- WHAT IS REQUIRED:
Copy the listing below letter for letter, passing over each picture.

- DATA SHOWN:

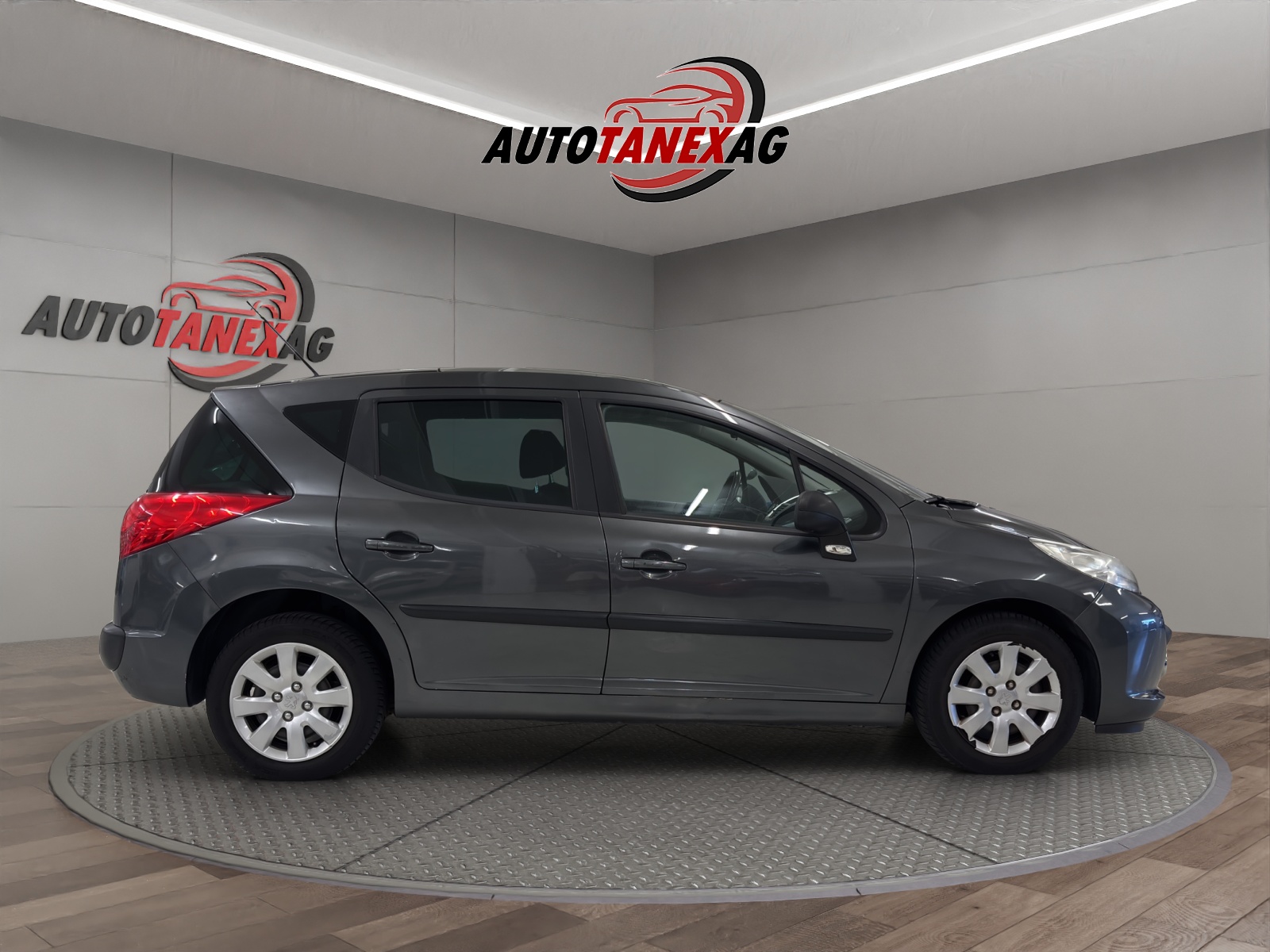 PEUGEOT 207 SW 1.6 16V Trendy Automatic-image-6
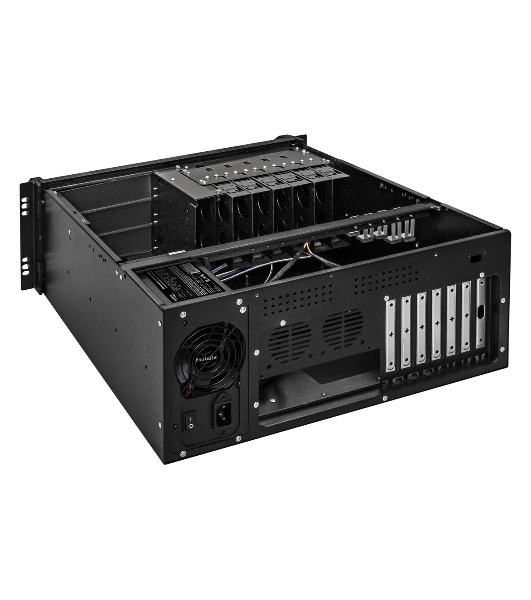 Серверный корпус ExeGate Pro EX293240RUS 4U480-06/4U4021S (RM 19', высота 4U, глубина 480, БП 500RADS, USB)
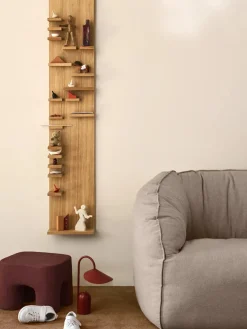 Ferm Living Nesten Lounge Chair, re-cotton fra><noscript><img width=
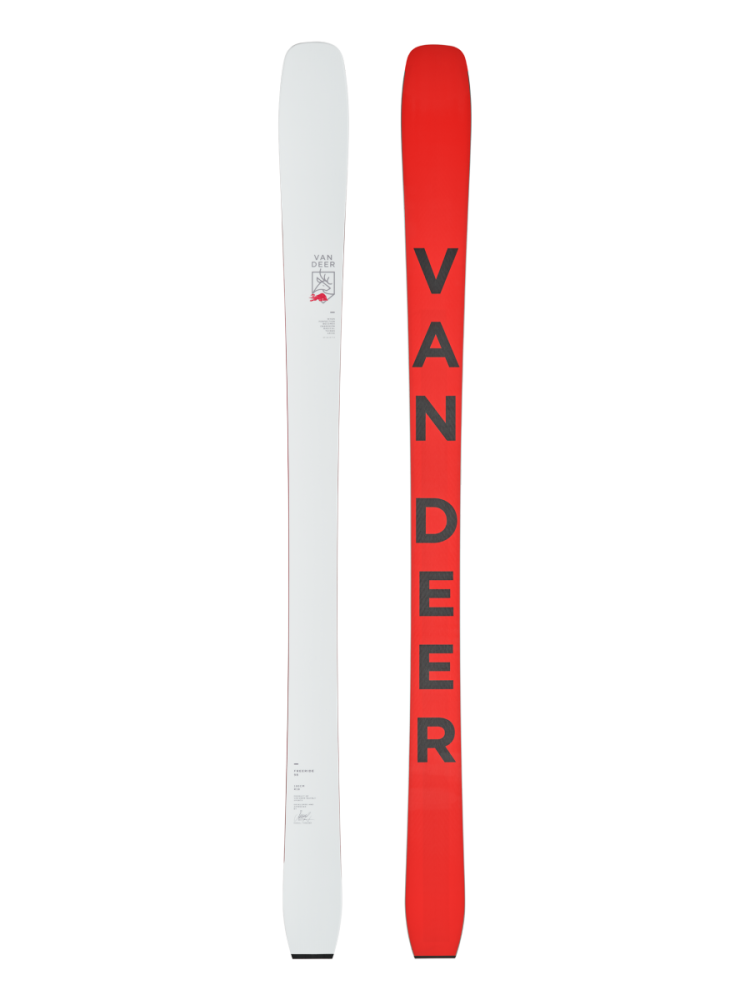 Van Deer FREERIDE98 / Attack 14 GW, 164cm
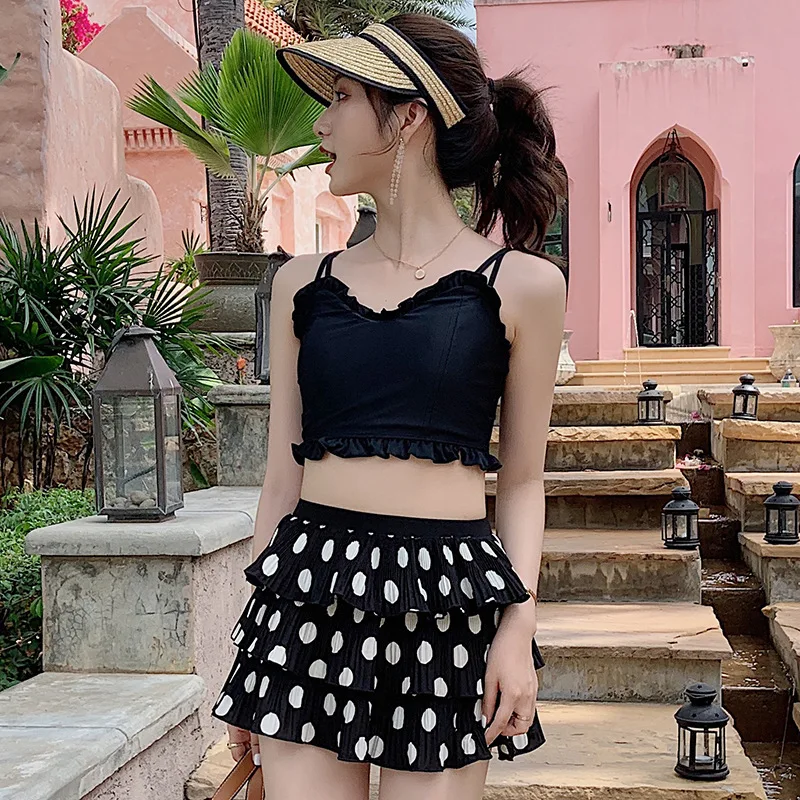 Женский купальник из двух предметов бикини для девушек танкини пуш ап отдельные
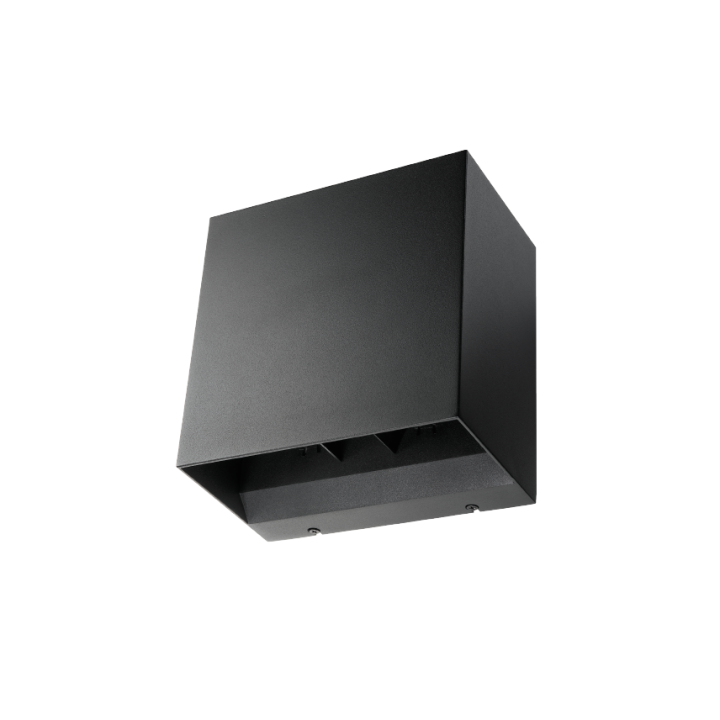 Artes Midi Noir Applique 1030Lm 3000K Ra-80 Coupure De Phase Descendante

- SOLUTION TO THIS TASK:
 PEUGEOT 207 SW 1.6 16V Trendy Automatic-image-6
 Серверный корпус ExeGate Pro EX293240RUS 4U480-06/4U4021S (RM 19', высота 4U, глубина 480, БП 500RADS, USB)
 Ferm Living Nesten Lounge Chair, re-cotton fra><noscript><img width=
 Van Deer FREERIDE98 / Attack 14 GW, 164cm
 Женский купальник из двух предметов бикини для девушек танкини пуш ап отдельные
 Artes Midi Noir Applique 1030Lm 3000K Ra-80 Coupure De Phase Descendante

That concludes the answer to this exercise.